Beefy Boxes and Bandwidth Generously Provided by pair Networks
Perl: the Markov chain saw
 
PerlMonks  

Fetching Web Page and covert to text

by Ankit.11nov (Acolyte)
on Jul 16, 2009 at 11:34 UTC ( #780659=perlquestion: print w/replies, xml ) Need Help??

Ankit.11nov has asked for the wisdom of the Perl Monks concerning the following question:

Hi there,
I just discovered the monks! I havent been a Perl programmer for a long time... its kind of new to me.

What I am trying to do? "Fetch webpage,convert to text and store it in a file"
use LWP::Simple; use HTML::TreeBuilder; use HTML::FormatText; print "Opening the URL"; $URL=get("http://www.yahoo.com/"); $Format=HTML::FormatText->new; $TreeBuilder=HTML::TreeBuilder->new; $TreeBuilder->parse($URL); $Parsed=$Format->format($TreeBuilder); open FILE_OUT , '>D:\Profiles\in2228c\Desktop\info.txt'; print FILE_OUT "$Parsed"; close FILE_OUT; exit;

On running the above code it is not giving any error , but it is not fetching any data from the webpage also.
Can you please help me out on this ? What could be the problem here?

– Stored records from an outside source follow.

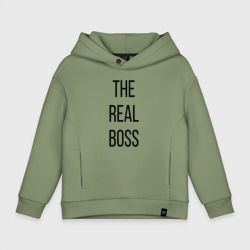 Детское худи Oversize хлопок The Real boss!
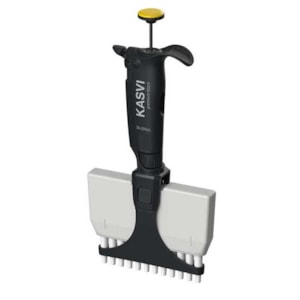 Micropipeta Multicanal 12 Canais Premium Black Volume Variável de 0,5 - 10ul
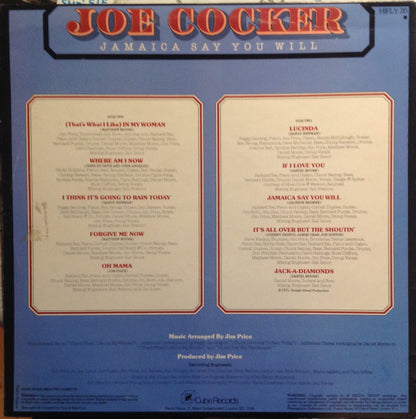 Joe Cocker : Jamaica Say You Will (LP, Album)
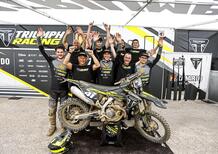 Triumph Italia Racing e Morgan Lesiardo conquistano la classe 250 4T agli Assoluti d'Italia Enduro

Replies are listed 'Best First'.
Re: Fetching Web Page and covert to text
by Utilitarian (Vicar) on Jul 16, 2009 at 11:37 UTC
    What happens when you check the return of LWP::Simple::get() ?
    use LWP::Simple; use HTML::TreeBuilder; use HTML::FormatText; print "Opening the URL"; $URL=get("http://www.yahoo.com/") || die "Couldn't fecth page"; $Format=HTML::FormatText->new; $TreeBuilder=HTML::TreeBuilder->new; $TreeBuilder->parse($URL); $Parsed=$Format->format($TreeBuilder); open FILE_OUT , '>D:\Profiles\in2228c\Desktop\info.txt'; print FILE_OUT "$Parsed"; close FILE_OUT; exit;
      Its giving the below error?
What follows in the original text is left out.